## Stored data:
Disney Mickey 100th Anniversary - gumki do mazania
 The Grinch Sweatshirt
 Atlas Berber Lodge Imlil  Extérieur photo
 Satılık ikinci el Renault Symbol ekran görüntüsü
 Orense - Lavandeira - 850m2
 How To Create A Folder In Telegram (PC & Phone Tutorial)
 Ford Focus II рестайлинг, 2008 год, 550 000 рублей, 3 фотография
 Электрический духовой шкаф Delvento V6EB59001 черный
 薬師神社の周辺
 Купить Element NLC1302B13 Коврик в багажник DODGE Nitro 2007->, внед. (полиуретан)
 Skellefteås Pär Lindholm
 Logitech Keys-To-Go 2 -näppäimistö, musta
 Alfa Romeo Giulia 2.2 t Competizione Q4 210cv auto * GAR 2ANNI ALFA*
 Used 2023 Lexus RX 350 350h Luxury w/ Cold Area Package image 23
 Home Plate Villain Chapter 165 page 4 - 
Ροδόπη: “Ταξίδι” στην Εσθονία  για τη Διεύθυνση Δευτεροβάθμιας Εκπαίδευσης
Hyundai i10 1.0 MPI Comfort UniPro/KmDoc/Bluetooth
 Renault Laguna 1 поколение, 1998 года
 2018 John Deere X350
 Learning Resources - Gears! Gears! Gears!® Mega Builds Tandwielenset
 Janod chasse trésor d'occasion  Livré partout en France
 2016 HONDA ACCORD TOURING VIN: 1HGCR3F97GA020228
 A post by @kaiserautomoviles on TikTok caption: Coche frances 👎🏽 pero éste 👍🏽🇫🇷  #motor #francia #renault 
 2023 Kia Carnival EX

## Directions for this task:
Nothing but the lines from the one containing "Janod chasse trésor" to the last line of the listing above belongs in the answer; restate each word for word.

## Response to this exercise:
 Janod chasse trésor d'occasion  Livré partout en France
 2016 HONDA ACCORD TOURING VIN: 1HGCR3F97GA020228
 A post by @kaiserautomoviles on TikTok caption: Coche frances 👎🏽 pero éste 👍🏽🇫🇷  #motor #francia #renault 
 2023 Kia Carnival EX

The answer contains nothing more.